Activity:
Retype the lines of the listing below exactly, but only those from the one containing "this 1400×866 image." through the last line; pictures stay out.

Data provided:
◇ ◇ ◇ ◇

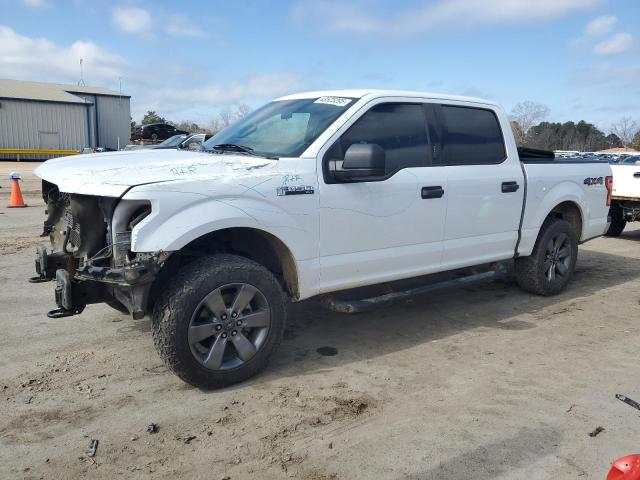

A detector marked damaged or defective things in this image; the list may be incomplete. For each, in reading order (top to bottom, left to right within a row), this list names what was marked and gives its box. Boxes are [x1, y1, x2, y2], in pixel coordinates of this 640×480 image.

crumpled hood [35, 149, 276, 196]
front-end collision damage [33, 182, 169, 320]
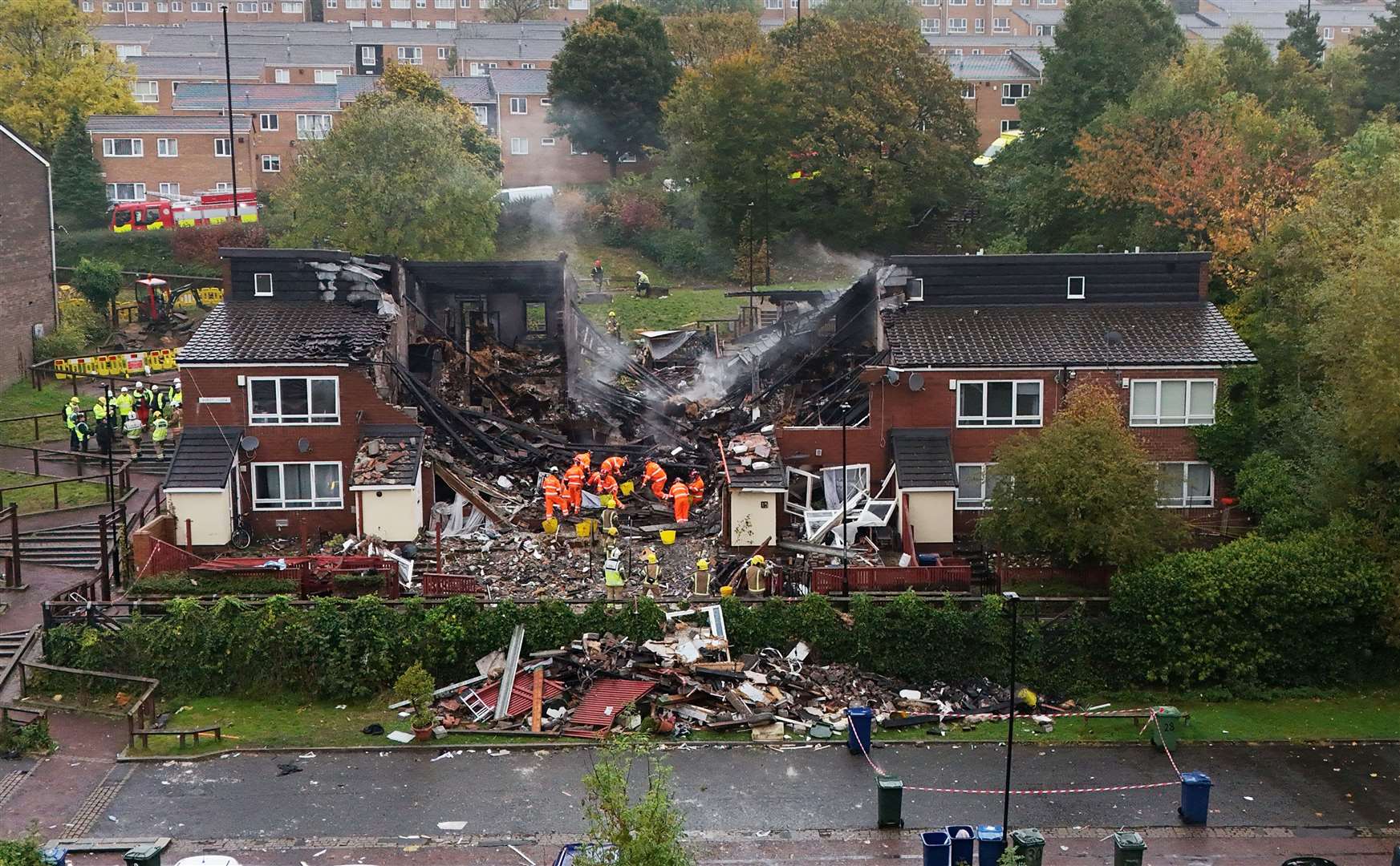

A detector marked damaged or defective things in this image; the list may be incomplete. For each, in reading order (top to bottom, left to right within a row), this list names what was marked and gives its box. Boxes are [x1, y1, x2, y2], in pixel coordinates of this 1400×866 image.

damaged house [778, 250, 1260, 556]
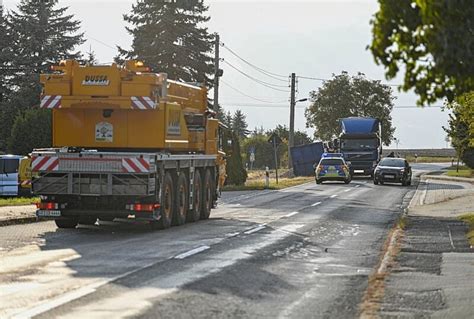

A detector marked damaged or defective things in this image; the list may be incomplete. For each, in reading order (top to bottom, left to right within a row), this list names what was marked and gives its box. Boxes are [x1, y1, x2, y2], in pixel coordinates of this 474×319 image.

blue overturned truck [338, 117, 384, 178]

◇ ◇ ◇ ◇

Answer to this problem:
A detector marked damaged or defective things in this image; the list may be incomplete. For each, in reading order (top to bottom, left to right within a row), this list names what was marked and gives its box. Boxes are [x1, y1, x2, y2], in pixel coordinates of this 1400×866 image.

damaged house [778, 250, 1260, 556]

A detector marked damaged or defective things in this image; the list may be incomplete. For each, in reading order (top to bottom, left to right within a row), this list names what was marked and gives its box. Boxes are [x1, y1, x2, y2], in pixel coordinates of this 474×319 image.

blue overturned truck [338, 117, 384, 178]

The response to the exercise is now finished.